An extract of the unfinished script of Dad was included on the DVD release Red Dwarf: The Bodysnatcher Collection alongside several other such extracts. In the same style as the eponymous "lost episode" Bodysnatcher, the extract of Dad was animated in a storyboard style as the script itself was read by lead actor Chris Barrie (who, being a skilled impressionist, supplied the voices of all the characters).
A lost episode
"Dad" would have been the opening episode to the third series of the show. In plot, it was to be a direct continuation of the preceding episode, "Parallel Universe", the final episode of the second series. In that last episode, Lister had slept with a female version of himself in a parallel dimension, before finding out that he was pregnant, as in that particular dimension it is the men who bear children.
The following "Dad" episode was to cover a number of points in the show, but was to primarily deal with Lister's pregnancy. The idea was ultimately rejected by the show's writers and producers, Rob Grant and Doug Naylor, who felt that the script was not as funny as previous episodes. In The Red Dwarf Programme Guide, Chris Howarth and Steve Lyons write that another reason "Dad" was rejected was because it was possibly sexist.

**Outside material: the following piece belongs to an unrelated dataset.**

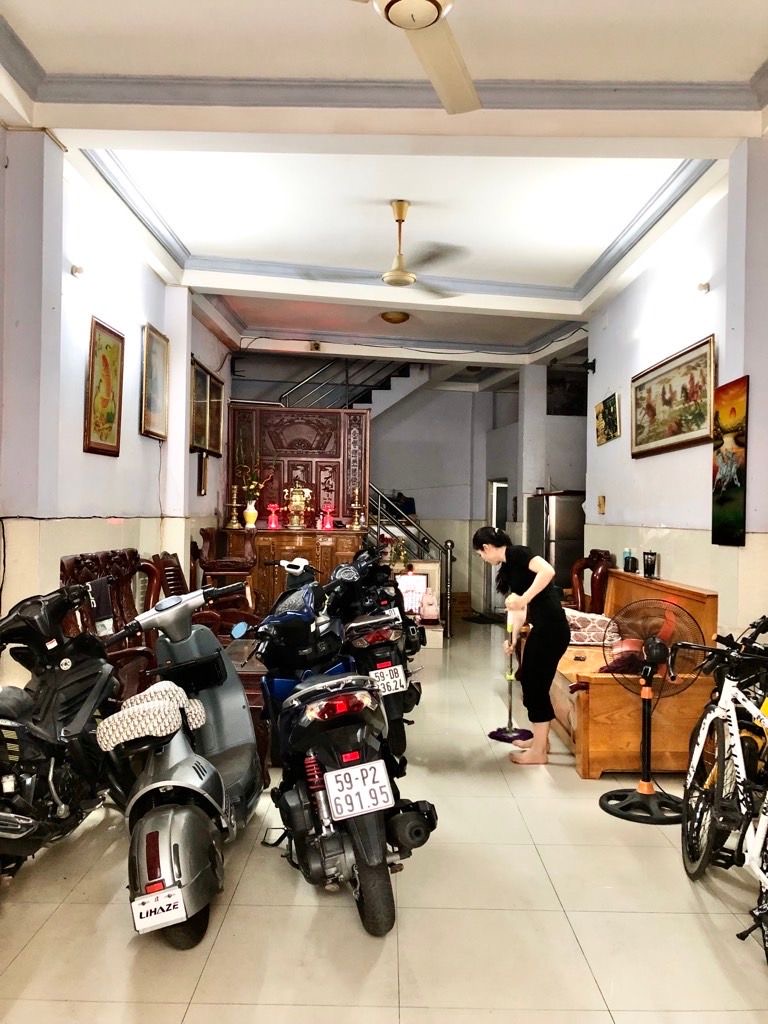 Chủ kẹt ngân hàng - Bán gấp nhà 4 tầng Thoại Ngọc Hầu - Sát UBND Tân Phú -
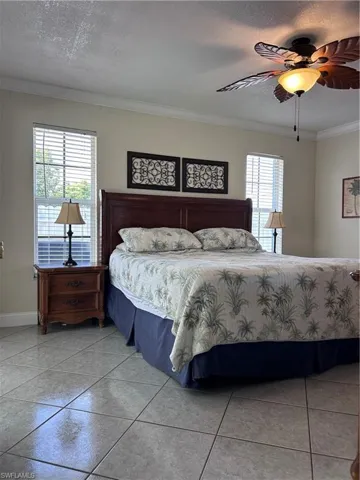 111 4th Pl, Cape Coral, Florida 33990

The released script extract shows that "Dad" would not have followed the pre-credits sequence of "Backwards" to the letter. For example, Lister would not have been pregnant with twins: instead he would give birth to a single son. Also, apparently Lister would have rebuilt Kryten while "heavily pregnant", and not "shortly afterwards" as the pre-title "Backwards" scroll suggests. Additionally, unless male Holly actor Norman Lovett was to make a guest appearance in the episode it's likely that Holly would have first appeared as a female at the very beginning of the episode.
The pre-title sequence of "Backwards"
Some of the events were referenced in the pre-title sequence of the episode "Backwards". The text explains the changes that were made going from series two to three; however, the scrolling was intentionally sped up faster than viewers could actually read for the purposes of comedy. This was the first Red Dwarf episode to parody the Star Wars opening crawl -- it was also done at the end of "Dimension Jump" in the fourth series of the show, and at the beginning of the first Red Dwarf USA pilot.
Here is the text[1]:
RED DWARF III
THE SAGA CONTINUUMS
THE STORY SO FAR...
Three million years in the future, Dave Lister, the last human being alive discovers he is pregnant after a liaison with his female self in a parallel universe. His pregnancy concludes with the successful delivery of twin boys, Jim and Bexley. However, because the twins were conceived in another universe, with different physical laws, they suffer from highly accelerated growth rates, and are both eighteen years old within three days of being born. In order to save their lives, Lister returns them to the universe of their origin, where they are reunited with their father (a woman), and are able to lead comparatively normal lives. Well, as normal as you can be if you've been born in a parallel universe and your father's a woman and your mother's a man and you're eighteen years three days after your birth.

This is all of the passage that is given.